Note that I was using Shiki's precompiled versions of grammars (with Shiki's createJavaScriptRawEngine), and it sounds like you're not doing that here.

Yep but that only make scene on the engine creation. I think after the engine was created it does not do regexp compile more?

even on the playground page you linked to, I'm seeing faster numbers for JS highlighting than for Oniguruma via the timer that the playground self reports at the bottom. It depends on the language and sample, though.

Thanks for your hint, I never found this timer before, hah. After some testing, I found that: JS engine surpass Oniguruma on the language using less rules like CSS, but for complex lang like TS/C++/Rust it will be much slower. In the official demo with prefilled content, Oniguruma slow at startup but if you copy-paste the content by 32 times, you'll found that JS engine begin to be slower than Oniguruma.

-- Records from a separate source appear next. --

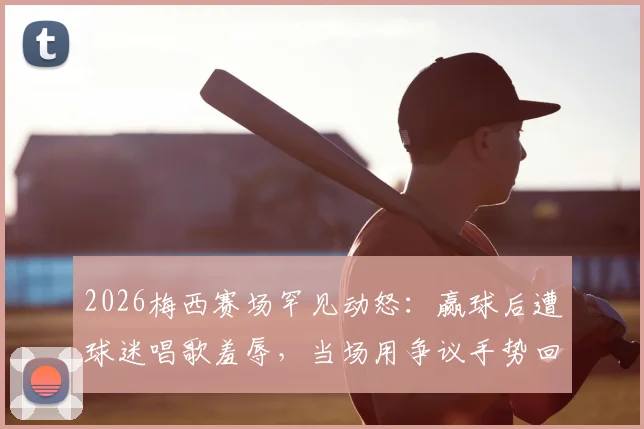2026梅西赛场罕见动怒：赢球后遭球迷唱歌羞辱，当场用争议手势回应看台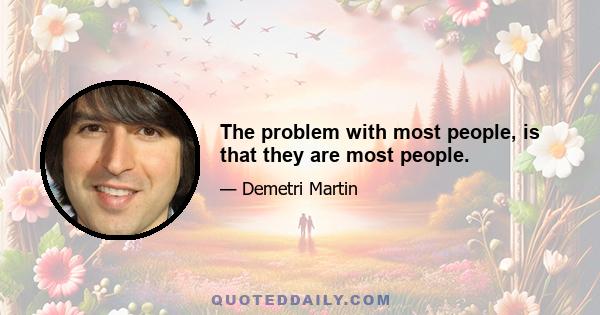 The problem with most people, is that they are most people.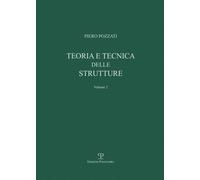 Teoria e tecnica delle strutture. Vol. 2: Sistemi di travi - 2017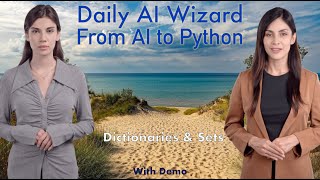 Day 35: Python Dictionaries and Sets – Beginner’s Guide for AI Coding | #DailyAIWizard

kkocdko avatar Nov 24 '25 03:11 kkocdko

After some testing, I found that: JS engine surpass Oniguruma on the language using less rules like CSS, but for complex lang like TS/C++/Rust it will be much slower. In the official demo with prefilled content, Oniguruma slow at startup but if you copy-paste the content by 32 times, you'll found that JS engine begin to be slower than Oniguruma.

This sounds like a reason to close this feature request, no?

@slevithan can you verify or refute that claim?

If there is not a significant advantage, it will not be worth it to adopt a different library, as chances are high it might break syntax highlighting for several languages.

hediet avatar Jan 12 '26 11:01 hediet

There are optimizations not used in the testing above like precompiling the grammars, applying progressively, etc., and I mentioned up front that it would be slower for some grammars so it should only be enabled for specific grammars where it is faster. However, since VS Code wouldn't be able to remove Oniguruma altogether and therefore wouldn't get additional benefit from that, I'll go ahead and close this because I think it might introduce more complexity and uncertainty than justified for VS Code to adopt this in a way that is strictly beneficial.

slevithan avatar Jan 12 '26 11:01 slevithan